:: Exercise ::
Copy out the records precisely, omitting pictures.

[Saved data entries]
*** Begin section ***

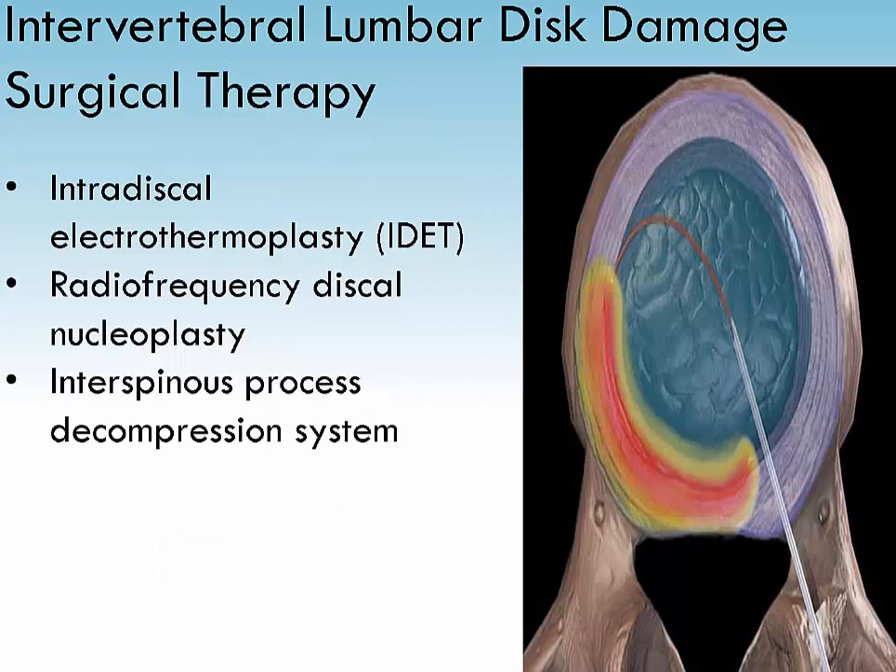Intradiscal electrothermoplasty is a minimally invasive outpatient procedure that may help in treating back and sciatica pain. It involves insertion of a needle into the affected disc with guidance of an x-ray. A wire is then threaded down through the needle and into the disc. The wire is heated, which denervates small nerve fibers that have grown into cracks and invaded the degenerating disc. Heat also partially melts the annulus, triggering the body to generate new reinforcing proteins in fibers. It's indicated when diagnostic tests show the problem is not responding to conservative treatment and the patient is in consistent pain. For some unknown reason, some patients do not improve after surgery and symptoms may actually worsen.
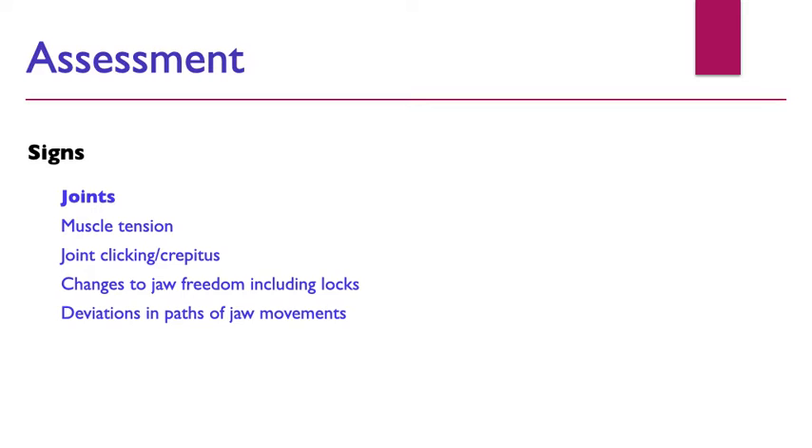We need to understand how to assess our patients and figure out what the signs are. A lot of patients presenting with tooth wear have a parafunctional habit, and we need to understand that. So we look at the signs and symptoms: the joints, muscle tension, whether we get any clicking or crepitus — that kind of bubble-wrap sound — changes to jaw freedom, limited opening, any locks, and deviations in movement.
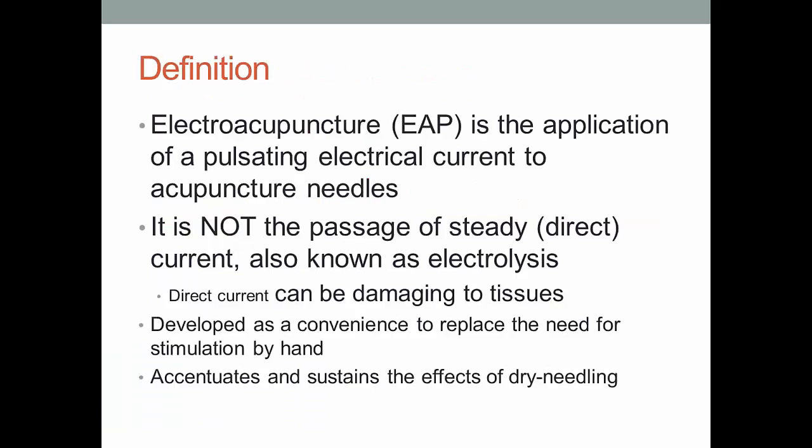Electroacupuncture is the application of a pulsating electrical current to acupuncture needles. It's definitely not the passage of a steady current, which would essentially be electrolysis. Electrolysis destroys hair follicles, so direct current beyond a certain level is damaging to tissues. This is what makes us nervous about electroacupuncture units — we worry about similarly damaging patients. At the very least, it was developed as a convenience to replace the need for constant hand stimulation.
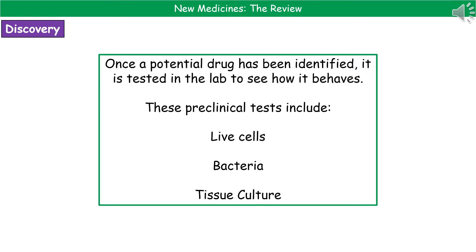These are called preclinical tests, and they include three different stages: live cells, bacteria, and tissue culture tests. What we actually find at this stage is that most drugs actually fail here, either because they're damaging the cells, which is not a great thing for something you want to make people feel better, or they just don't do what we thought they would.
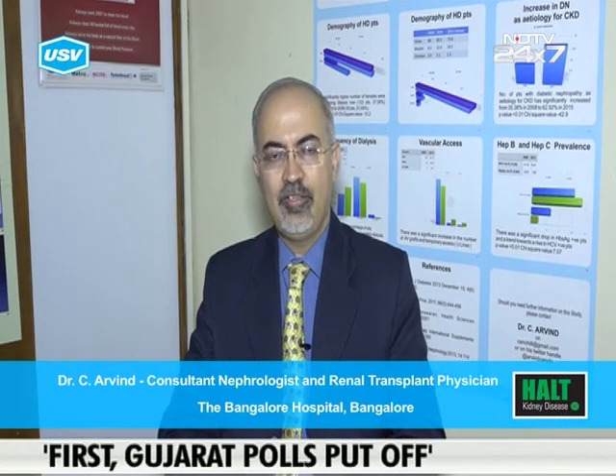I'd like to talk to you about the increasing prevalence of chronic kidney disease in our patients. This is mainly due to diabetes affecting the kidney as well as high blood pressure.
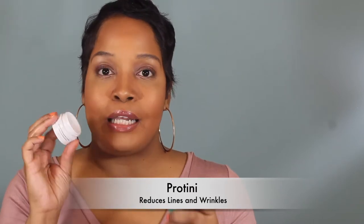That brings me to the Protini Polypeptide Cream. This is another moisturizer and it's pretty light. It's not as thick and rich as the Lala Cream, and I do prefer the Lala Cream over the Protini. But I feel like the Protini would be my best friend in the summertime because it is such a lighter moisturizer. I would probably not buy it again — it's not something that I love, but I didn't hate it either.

*** End section ***

:: Exercise response ::
Intradiscal electrothermoplasty is a minimally invasive outpatient procedure that may help in treating back and sciatica pain. It involves insertion of a needle into the affected disc with guidance of an x-ray. A wire is then threaded down through the needle and into the disc. The wire is heated, which denervates small nerve fibers that have grown into cracks and invaded the degenerating disc. Heat also partially melts the annulus, triggering the body to generate new reinforcing proteins in fibers. It's indicated when diagnostic tests show the problem is not responding to conservative treatment and the patient is in consistent pain. For some unknown reason, some patients do not improve after surgery and symptoms may actually worsen.
We need to understand how to assess our patients and figure out what the signs are. A lot of patients presenting with tooth wear have a parafunctional habit, and we need to understand that. So we look at the signs and symptoms: the joints, muscle tension, whether we get any clicking or crepitus — that kind of bubble-wrap sound — changes to jaw freedom, limited opening, any locks, and deviations in movement.
Electroacupuncture is the application of a pulsating electrical current to acupuncture needles. It's definitely not the passage of a steady current, which would essentially be electrolysis. Electrolysis destroys hair follicles, so direct current beyond a certain level is damaging to tissues. This is what makes us nervous about electroacupuncture units — we worry about similarly damaging patients. At the very least, it was developed as a convenience to replace the need for constant hand stimulation.
These are called preclinical tests, and they include three different stages: live cells, bacteria, and tissue culture tests. What we actually find at this stage is that most drugs actually fail here, either because they're damaging the cells, which is not a great thing for something you want to make people feel better, or they just don't do what we thought they would.
I'd like to talk to you about the increasing prevalence of chronic kidney disease in our patients. This is mainly due to diabetes affecting the kidney as well as high blood pressure.
That brings me to the Protini Polypeptide Cream. This is another moisturizer and it's pretty light. It's not as thick and rich as the Lala Cream, and I do prefer the Lala Cream over the Protini. But I feel like the Protini would be my best friend in the summertime because it is such a lighter moisturizer. I would probably not buy it again — it's not something that I love, but I didn't hate it either.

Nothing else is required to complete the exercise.